• _Task objective_
Repeat the listing below verbatim, without its images.
━━━ Collected data
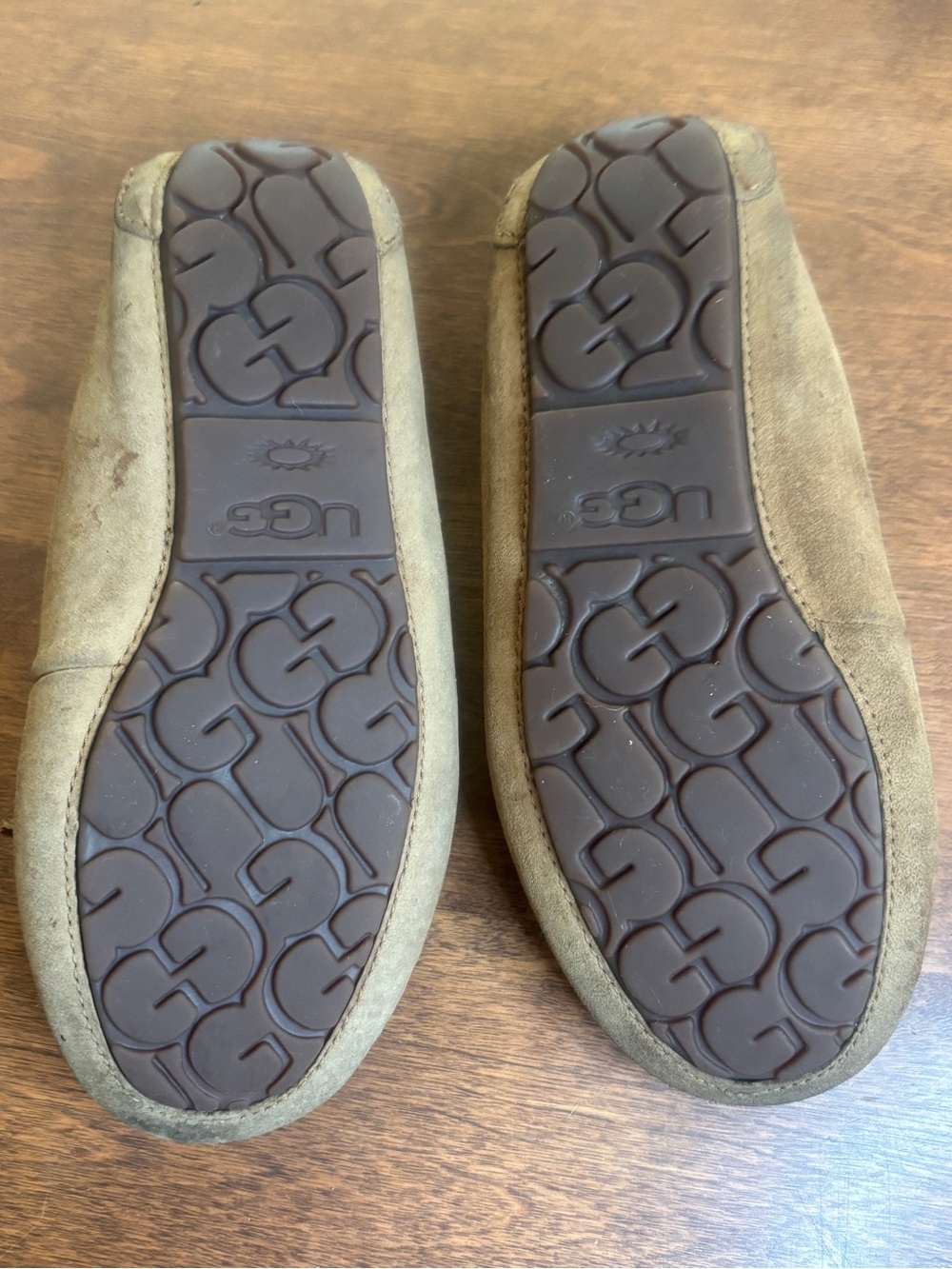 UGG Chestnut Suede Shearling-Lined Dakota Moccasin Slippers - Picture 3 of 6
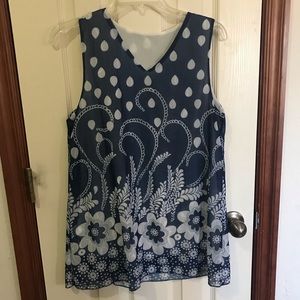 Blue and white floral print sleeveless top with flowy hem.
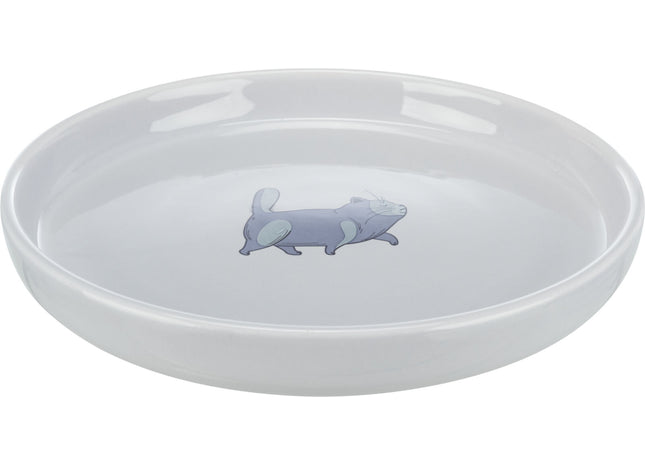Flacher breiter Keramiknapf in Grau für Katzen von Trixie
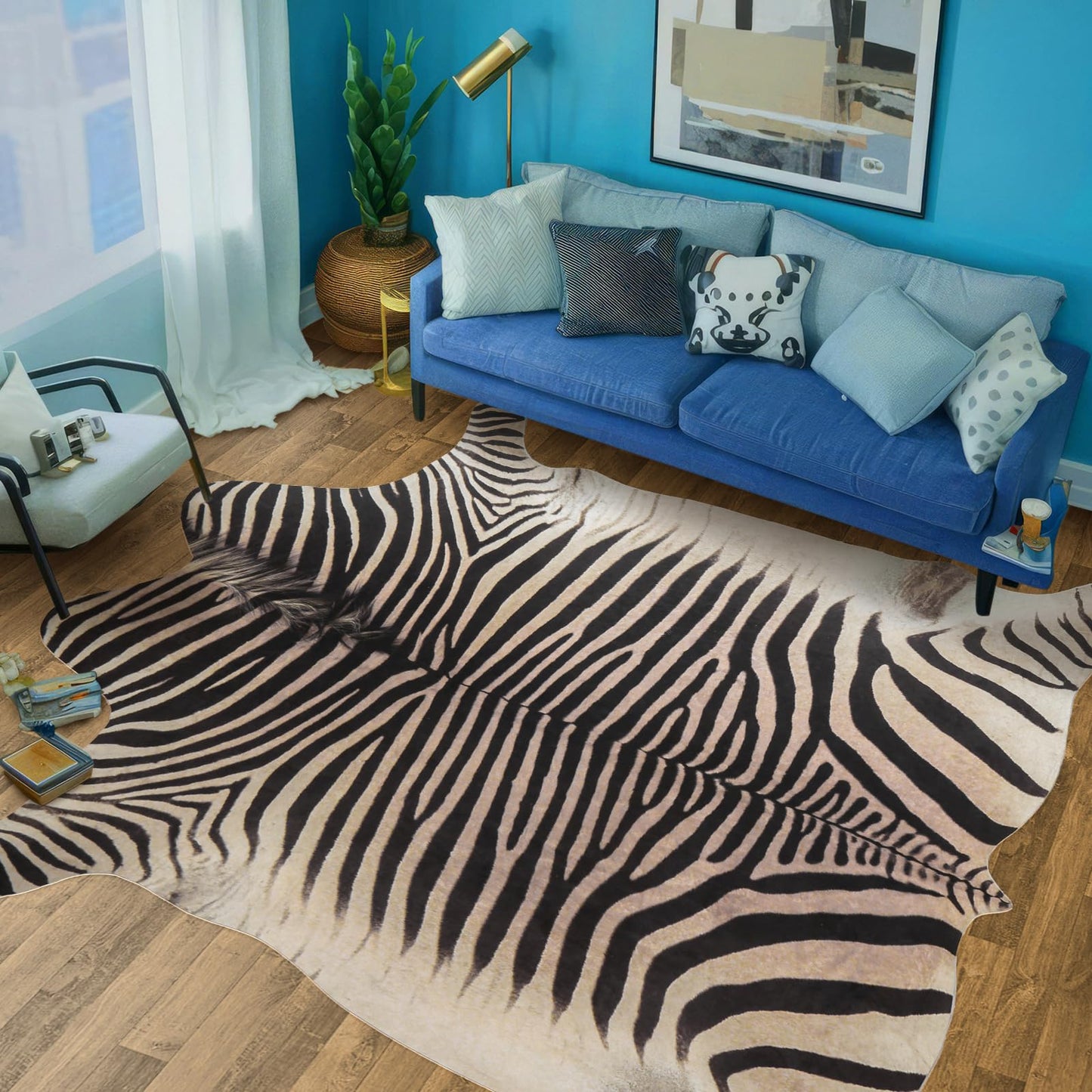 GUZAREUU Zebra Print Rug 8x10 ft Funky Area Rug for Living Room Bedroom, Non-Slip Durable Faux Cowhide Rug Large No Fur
━━━━━━
• _Result below_
 UGG Chestnut Suede Shearling-Lined Dakota Moccasin Slippers - Picture 3 of 6
 Blue and white floral print sleeveless top with flowy hem.
Flacher breiter Keramiknapf in Grau für Katzen von Trixie
 GUZAREUU Zebra Print Rug 8x10 ft Funky Area Rug for Living Room Bedroom, Non-Slip Durable Faux Cowhide Rug Large No Fur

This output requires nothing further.